Description
This course is designed to introduce you to the world of data analysis and reporting with Python. The first approach with the data must be to read it, clean it, and understand its content. Finally, after a numerical and graphical analysis, communicate results through beautiful presentations and reports. This is exactly what this course is about.

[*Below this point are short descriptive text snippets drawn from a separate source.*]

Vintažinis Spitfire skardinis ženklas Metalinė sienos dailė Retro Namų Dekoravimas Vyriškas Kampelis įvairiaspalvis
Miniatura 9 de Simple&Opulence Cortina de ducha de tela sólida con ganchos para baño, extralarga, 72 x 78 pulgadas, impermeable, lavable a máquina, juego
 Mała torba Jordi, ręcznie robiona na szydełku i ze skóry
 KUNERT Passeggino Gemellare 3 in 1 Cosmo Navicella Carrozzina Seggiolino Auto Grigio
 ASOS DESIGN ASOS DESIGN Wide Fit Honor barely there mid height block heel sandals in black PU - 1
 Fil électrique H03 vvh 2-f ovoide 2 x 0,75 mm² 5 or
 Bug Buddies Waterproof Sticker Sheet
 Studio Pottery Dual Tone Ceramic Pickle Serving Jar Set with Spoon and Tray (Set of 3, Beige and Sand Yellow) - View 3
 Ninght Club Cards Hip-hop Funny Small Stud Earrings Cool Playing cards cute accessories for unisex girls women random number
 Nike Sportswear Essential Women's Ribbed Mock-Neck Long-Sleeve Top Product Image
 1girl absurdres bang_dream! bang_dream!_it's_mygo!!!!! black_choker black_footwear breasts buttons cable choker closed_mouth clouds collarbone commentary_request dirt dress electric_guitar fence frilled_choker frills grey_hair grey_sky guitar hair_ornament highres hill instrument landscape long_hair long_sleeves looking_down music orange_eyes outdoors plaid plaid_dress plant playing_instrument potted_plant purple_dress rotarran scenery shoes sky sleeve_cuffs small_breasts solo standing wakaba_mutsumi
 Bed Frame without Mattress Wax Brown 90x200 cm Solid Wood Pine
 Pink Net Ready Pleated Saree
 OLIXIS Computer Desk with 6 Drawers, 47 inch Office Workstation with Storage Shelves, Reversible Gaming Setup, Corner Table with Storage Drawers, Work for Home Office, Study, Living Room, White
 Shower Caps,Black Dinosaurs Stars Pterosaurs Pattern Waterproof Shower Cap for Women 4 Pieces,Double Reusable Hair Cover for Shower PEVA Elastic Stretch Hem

The course covers the basics of Python, the main libraries for data analysis, and how to create reports and visualizations. The course is designed to be interactive and practical. The student will learn by doing, by solving real business problems.
Topics include
- Origins and key features of Python
- Editors and platforms: what’s available and how to choose
- Installing and configuring the Python environment with Anaconda
- Visual Studio, Jupyter, JupyterLab
- Virtual environment: what it is, what it’s used for, and how to configure it
- Introduction to Git, GitHub, and GitLab
- Introduction to data analysis
- Introduction to major Python libraries for data analysis: NumPy and Pandas
- What is vectorial programming and how it improves readability and performance
- NumPy arrays: what they are, why they are useful, and key features
- Vector and Matrix operations
- Tensor operations
- Practical examples of using NumPy
- Introduction to Pandas
- Pandas: subsetting, selecting, filtering, sorting, unique values, aggregations, basic statistics
- Reading and writing data: text files, Excel, database connections, JSON, XML
- Data preparation and cleaning: handling missing data, replacing values, normalization, deduplication, permutations, random sampling, identifying and removing outliers, computing indicators and dummy variables, discretization
- Working with datasets: reshaping, merging, joining, summary statistics
- Introduction to Plotnine
- Creating basic charts with Plotnine
- Customizing charts with Plotnine
- Data aggregation and group analysis
- Working with dates and timelines
- Introduction to the Plotly library: creating interactive visualizations in the browser
- Export Jupiter Notebooks into beautiful reports
What you will be able to do
- Use data from several data sources
- Tidy your dataset
- Discover relations among your data
- Create visualizations
- Fit a model for your data
- Deliver insights and results with a clear report or presentation
- Quickly create visualization to understand the data set
- Graphically highlight relationships in data
- Choose the best representation for the data types you have
- Use specific plot for Graphs or other visualizations
- Present results either as PDF, verbose reports, Dashboards or Slides
Duration
3 days
Prerequisites
None.
Audience
This course is a fundamental for every business area. Different example datasets can be used according to industry type, for a better understanding and faster use of the concepts.